Stored data:
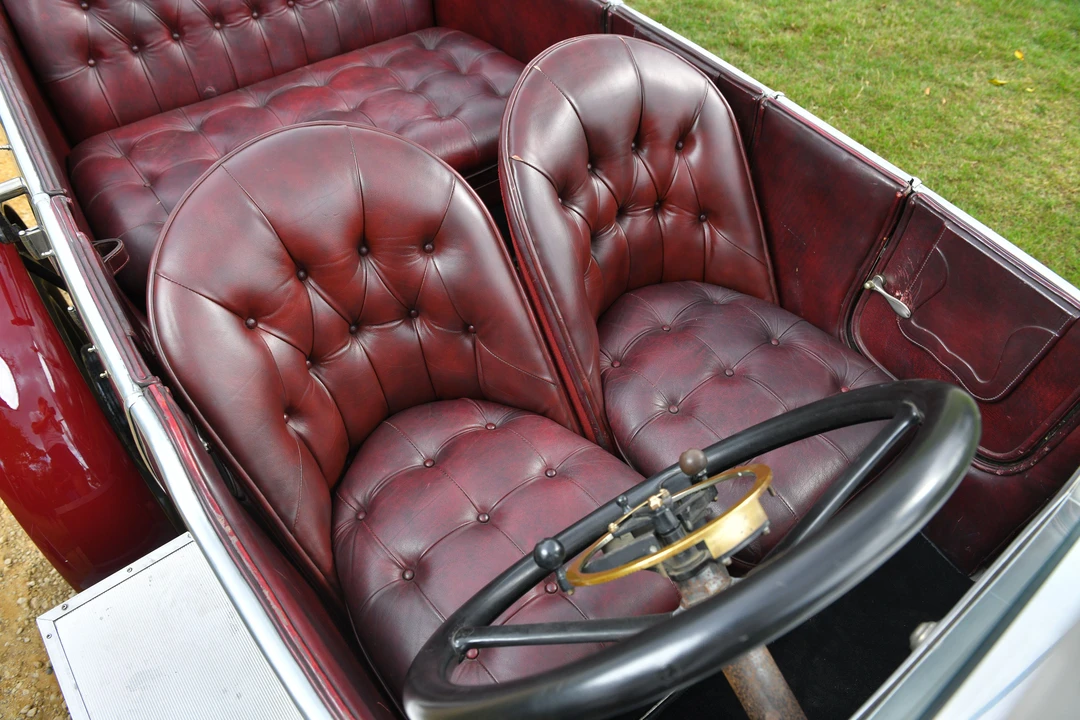 1921 Vauxhall - Image 31 of 31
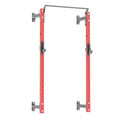WM-SR Wall Mounted Squat Rack A5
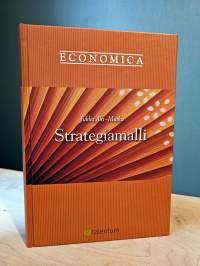 Strategiamalli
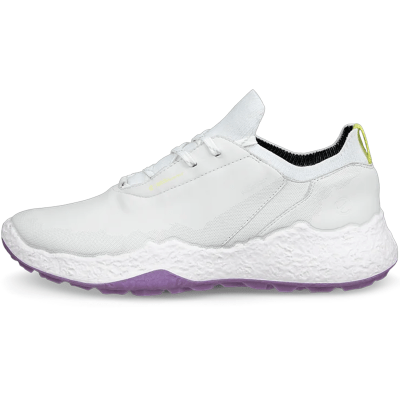 ECCO H5 Leather Ladies Golf Shoes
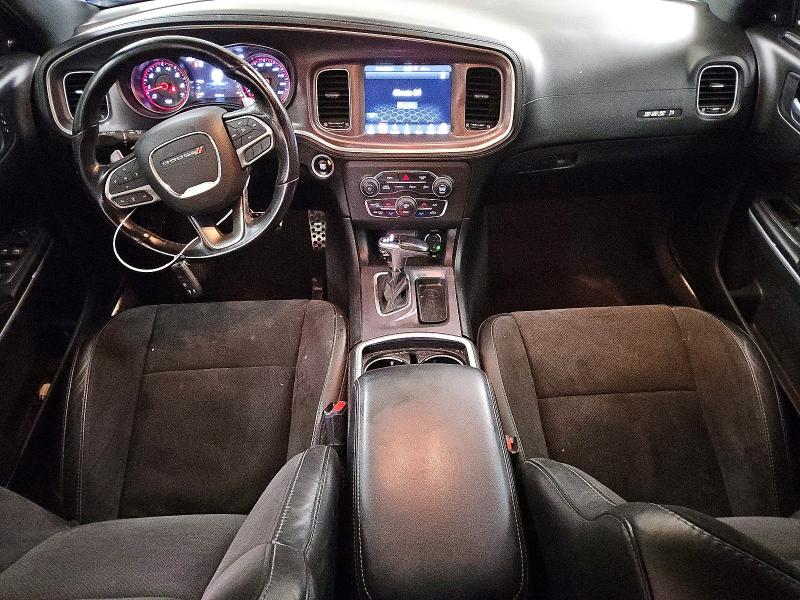 50684266 :رقم المزاد ، 2C3CDXGJ0NH163750 vin ، 2022 Dodge Charger مزاد بيع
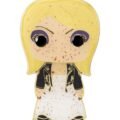 Funko Pop Pin: Chucky - Tiffany Esmaltado
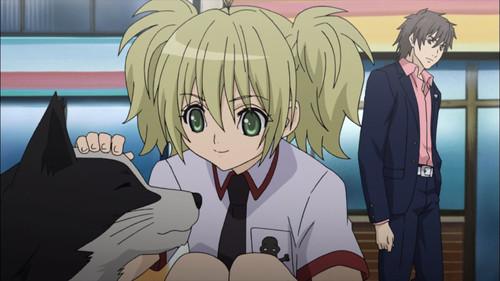 Phantom: Requiem for the Phantom Season 1 Episode 15 - Reunion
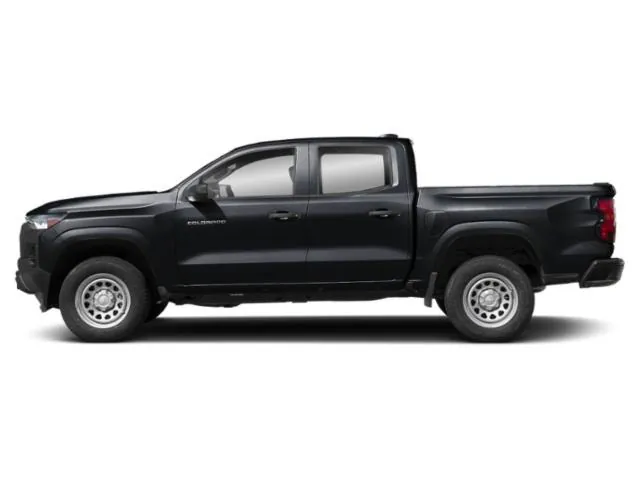 Chevrolet Colorado 2026 photo 4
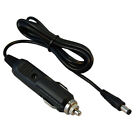2.1mmx 5.5mm Car Charger For Supersonic TV, 12-volt Vehicle Power Adapter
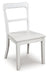 Greddinton Dining Chair - House n2 Home Furniture (Manchester,GA)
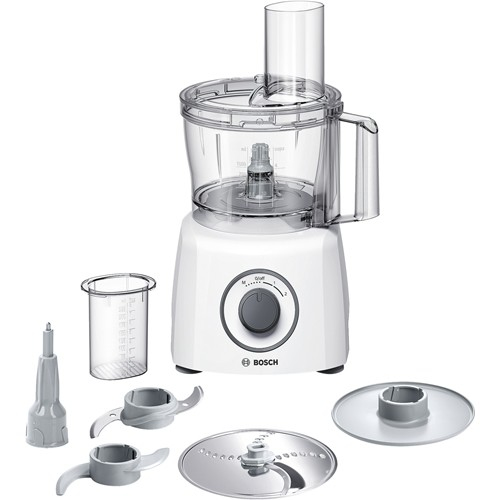 Bosch Kompakt-Küchenmaschine MultiTalent 3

| Aim of the task |
Leave the pictures aside and transcribe only the lines from the one holding "ECCO H5 Leather Ladies Golf Shoes" through the final line of the records above.

| Output below |
 ECCO H5 Leather Ladies Golf Shoes
 50684266 :رقم المزاد ، 2C3CDXGJ0NH163750 vin ، 2022 Dodge Charger مزاد بيع
 Funko Pop Pin: Chucky - Tiffany Esmaltado
 Phantom: Requiem for the Phantom Season 1 Episode 15 - Reunion
 Chevrolet Colorado 2026 photo 4
2.1mmx 5.5mm Car Charger For Supersonic TV, 12-volt Vehicle Power Adapter
 Greddinton Dining Chair - House n2 Home Furniture (Manchester,GA)
 Bosch Kompakt-Küchenmaschine MultiTalent 3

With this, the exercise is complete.